At Cooper Landing, Alan took a guided float trip on the Kenia River, a world class trout fishing experience. In this river, you are allowed to keep fish under 16" (and there aren't many that size) so it is all catch and release. He not only caught 2 nice trout but witnessed fishermen along the shore fishing side by side with a grizzly.
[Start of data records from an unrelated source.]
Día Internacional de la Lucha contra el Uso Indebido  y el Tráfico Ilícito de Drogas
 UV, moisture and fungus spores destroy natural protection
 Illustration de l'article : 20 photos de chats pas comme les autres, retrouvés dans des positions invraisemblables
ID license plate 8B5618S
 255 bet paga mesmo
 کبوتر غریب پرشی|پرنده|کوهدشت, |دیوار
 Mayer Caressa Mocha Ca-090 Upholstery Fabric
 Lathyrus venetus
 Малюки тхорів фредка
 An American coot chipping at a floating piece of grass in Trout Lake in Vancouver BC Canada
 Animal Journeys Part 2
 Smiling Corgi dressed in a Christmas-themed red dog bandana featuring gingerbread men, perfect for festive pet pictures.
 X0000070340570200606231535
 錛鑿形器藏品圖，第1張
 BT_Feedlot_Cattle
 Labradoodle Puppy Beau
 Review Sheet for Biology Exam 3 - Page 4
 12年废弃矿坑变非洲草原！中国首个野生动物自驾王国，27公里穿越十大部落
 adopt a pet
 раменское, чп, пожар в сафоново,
|Wrangel-St. Elias National Park|
Headed back into Yukon, and discovered Tachal Dhal (Sheep Mountain), over one hundred Dall Sheep dotted the face of the mountain. A special experience to watch them playing and grazing on the mountain sage. The highway meandered back into Alaska and our next destination, Haines. Hit the jackpot with the eagles and grizzlies. Both were totally oblivious to us, intend on their hunting. At times we were less than 30 feet from the grizzlies. They were small females (300-350 pounds). We would not have been so brazen if they had been 1000 pound males. It was a thrill to watch the grizzlies romp through the the river to ponce on the salmon. Definitely our ultimate wildlife experience.
We took a ferry to Skagway the next night. This town is the starting point of the White Pass Trail with nearby Dyea being the start of the Chilkoot Trail Skagway is now a tourist town but many of the old buildings from the gold rush days have been renovated by the US Park Service. We had planned to hike a portion of the Chilkoot Trail (full trail is 33 miles) but the rain has not stopped since Valdez and we are wimpy wilderness explorers.
Alaska is a state of superlatives. The tallest mountain in NA, Mount McKinley at 20,320 feet; the largest national park and preserve, Wrangel-St. Elias at 13.2 million acres; the biggest glacier field in NA, Malaspina at 1500 sq. miles (or bigger than the state of Rhode Island). The are 3,000,000 lakes and countless waterfalls. The wilderness is vast and awe inspiring. And then there is the food. We travel by our stomachs most of the time. We have experienced the ultimate oysters from Kachemak Bay and the tender, buttery razor clams from the Clam Gulch area. In Valdez, we purchased Dungeness crab and Alaskan king crab which were the epitome of what crab should be. Alaskan scallops were tender and sweet and will now be the scallop that we will compare all others to for the next 20 years. Maybe we get a little too excited about food, miracle we both don't look like manatees.